SQL to NoSQL: Guide to Data Modeling for Retail from DataStax

Author: Jeff Davies

DataStax
Building Real-World, Real-Time AI
8 min readNov 1, 2021

--

Welcome to the first installment of this SQL to NoSQL series from DataStax. The purpose of this series is to demonstrate how to solve common database challenges with NoSQL. We’ll start with commonly accepted solutions in a SQL relational database, then show how to accomplish the same thing in a NoSQL environment — except faster and cheaper.

Let’s begin with the most common implementation in databases: the ability to create and fulfill customer orders for products. Below is an Entity-Relationship (E-R) diagram for a standard design solution:

Figure 1: A standard E-R diagram for orders.

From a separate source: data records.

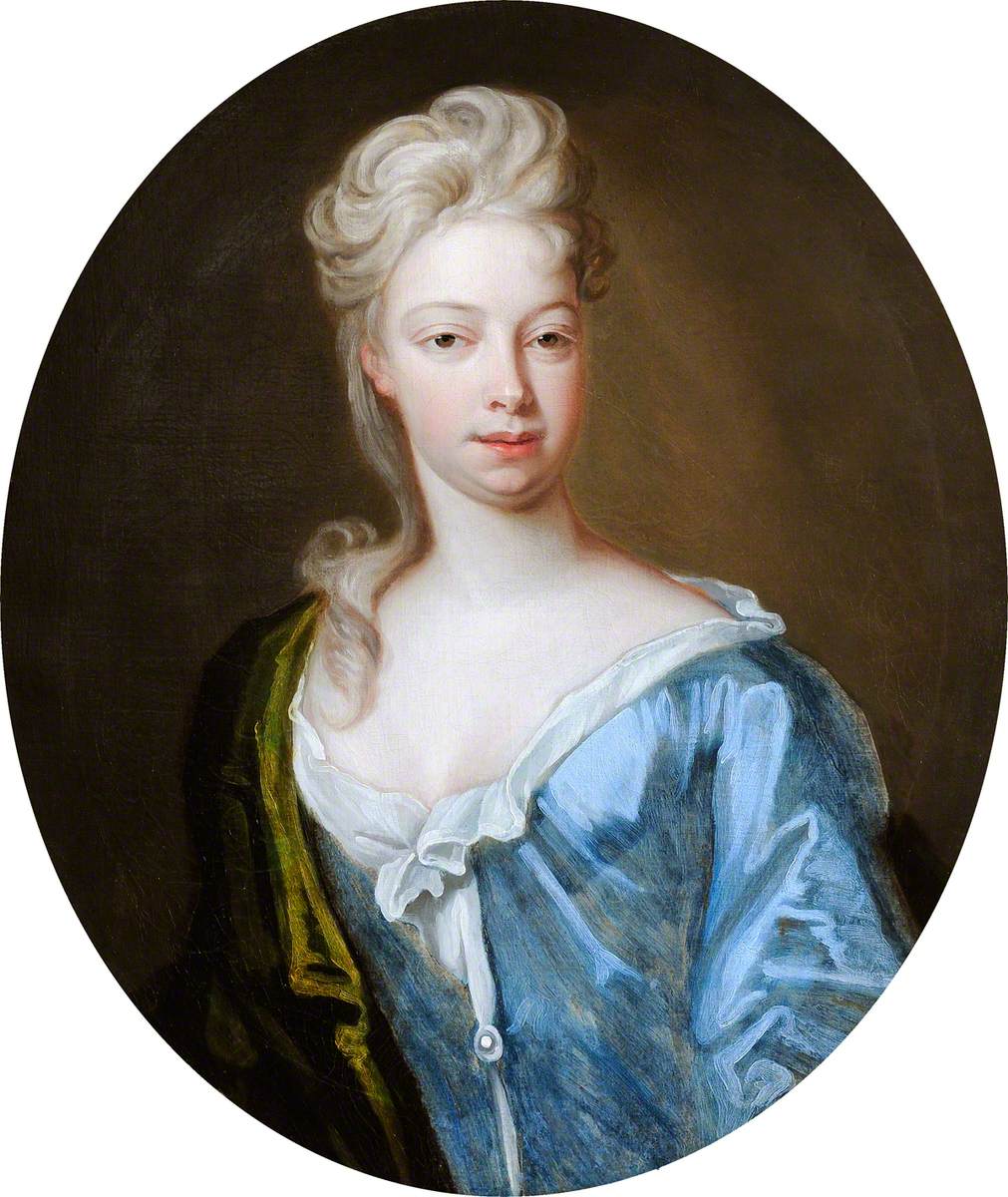 Portrait of an Unknown Young Woman in a Blue Dress and Green Mantle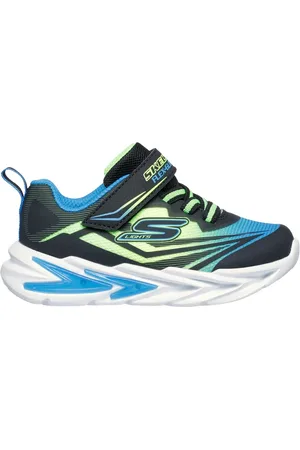 Skechers S Lights: Flex-Glow Ultra Sneaker in Nero/Blu/Lime
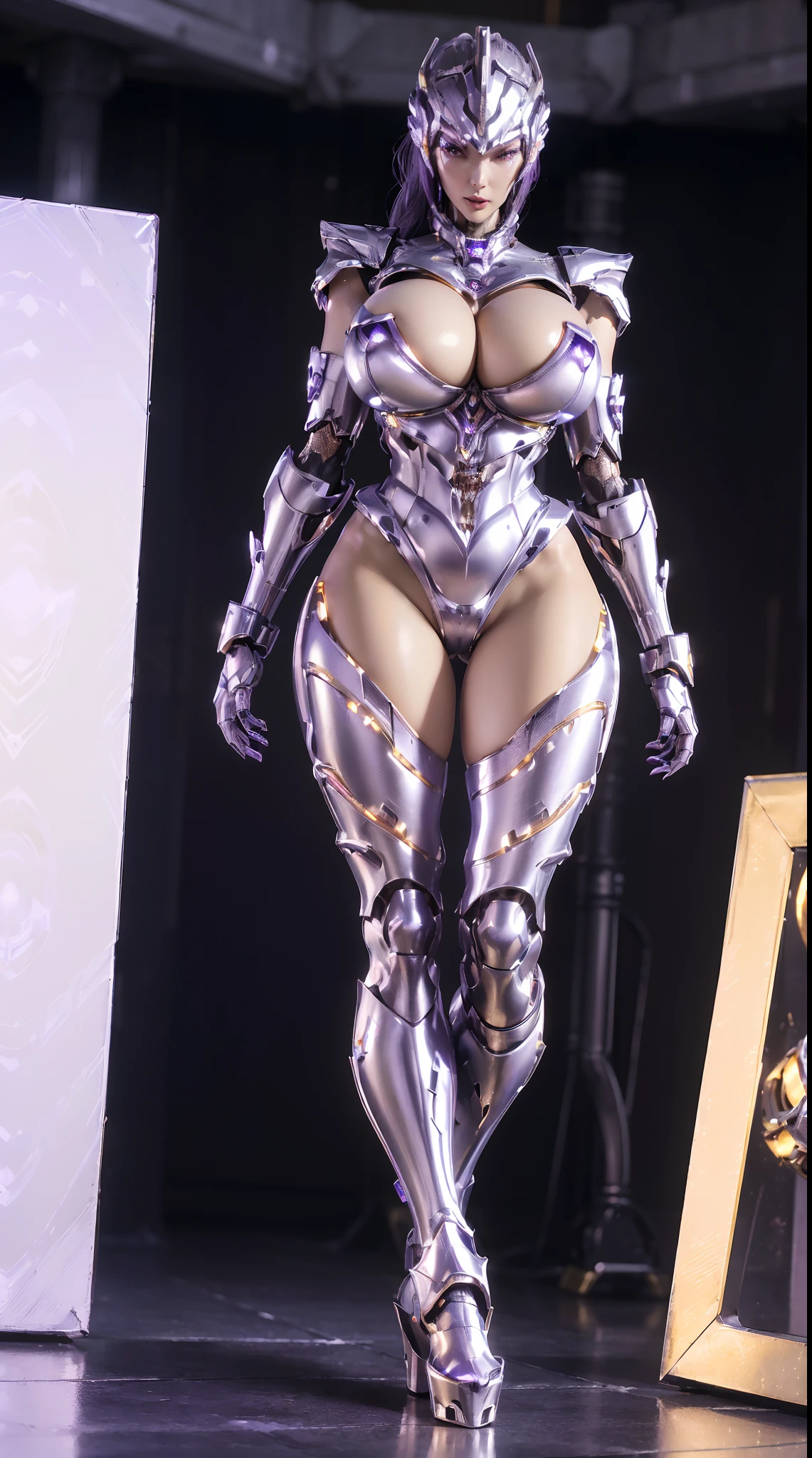 1GIRL, SOLO, (ssmile, makeup, beautifull eyes, red libs, black hair), (detailed face), super detailed face, (dragon mecha helm:1.2), (BIG BUTTOCKS, MUSCLE ABS, HUGE BOOBS:1.3), (MECHA GUARD ARM:1.3), (silver, purple, gold, MECHA CYBER SHINY ARMORED SUIT, NSFW CLEAVAGE, MECHA GUARD ARMOR LEGS, HIGH HEELS:1.5), (SLENDER BODY, SEXY LONG LEGS, FULL BODY:1.4), (LOOKING AT VIEWER:1.3), (WALKING DOWN OF FUTURISTIC SPACE STATION:1), (BRIGHT LIGHTING:1.3), PHYSICALLY-BASED RENDERING, ULTRA HIGHT DEFINITION, 16K, 1080P.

This is a fairly normalized view of these entities. If you’re not accustomed to reading an ER diagram, the asterisk character on the relationship lines indicates that there may be any number of associated records. For example, each Customer record may have 0 or more Order records associated with it. Each Order record is related to a single customer, etc. There’s one data point that we have denormalized, and that’s the product’s unit price in the LineItem table. We do this to record the price of the product at the time of sale, which allows the product price to change over time while accurately recording the price at the time of the order.

Caveat emptor: In this post I will show sample solutions to achieve our goals using NoSQL technology. This doesn’t mean that my example designs are the way you need to design your tables! I’m simply demonstrating how the design thinking is different between the relational and NoSQL worlds.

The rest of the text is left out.